- Material provided:
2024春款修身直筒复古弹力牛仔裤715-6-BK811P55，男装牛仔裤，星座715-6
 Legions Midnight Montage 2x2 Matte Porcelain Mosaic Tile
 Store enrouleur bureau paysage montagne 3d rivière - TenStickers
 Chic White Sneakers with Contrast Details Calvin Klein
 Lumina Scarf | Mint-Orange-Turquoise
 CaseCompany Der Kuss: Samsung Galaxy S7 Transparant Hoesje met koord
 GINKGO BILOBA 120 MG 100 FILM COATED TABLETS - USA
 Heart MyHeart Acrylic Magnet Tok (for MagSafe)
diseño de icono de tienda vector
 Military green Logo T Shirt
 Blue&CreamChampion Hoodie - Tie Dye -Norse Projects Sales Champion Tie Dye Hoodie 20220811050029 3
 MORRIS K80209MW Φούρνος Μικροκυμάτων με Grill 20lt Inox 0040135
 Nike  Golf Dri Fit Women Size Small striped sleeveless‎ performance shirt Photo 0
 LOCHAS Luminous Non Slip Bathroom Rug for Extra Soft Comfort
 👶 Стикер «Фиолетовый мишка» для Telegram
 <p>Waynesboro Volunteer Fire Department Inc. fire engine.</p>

- Exercise goal: Without skipping a line, retype the full listing.

- Result for this exercise:
2024春款修身直筒复古弹力牛仔裤715-6-BK811P55，男装牛仔裤，星座715-6
 Legions Midnight Montage 2x2 Matte Porcelain Mosaic Tile
 Store enrouleur bureau paysage montagne 3d rivière - TenStickers
 Chic White Sneakers with Contrast Details Calvin Klein
 Lumina Scarf | Mint-Orange-Turquoise
 CaseCompany Der Kuss: Samsung Galaxy S7 Transparant Hoesje met koord
 GINKGO BILOBA 120 MG 100 FILM COATED TABLETS - USA
 Heart MyHeart Acrylic Magnet Tok (for MagSafe)
diseño de icono de tienda vector
 Military green Logo T Shirt
 Blue&CreamChampion Hoodie - Tie Dye -Norse Projects Sales Champion Tie Dye Hoodie 20220811050029 3
 MORRIS K80209MW Φούρνος Μικροκυμάτων με Grill 20lt Inox 0040135
 Nike  Golf Dri Fit Women Size Small striped sleeveless‎ performance shirt Photo 0
 LOCHAS Luminous Non Slip Bathroom Rug for Extra Soft Comfort
 👶 Стикер «Фиолетовый мишка» для Telegram
 <p>Waynesboro Volunteer Fire Department Inc. fire engine.</p>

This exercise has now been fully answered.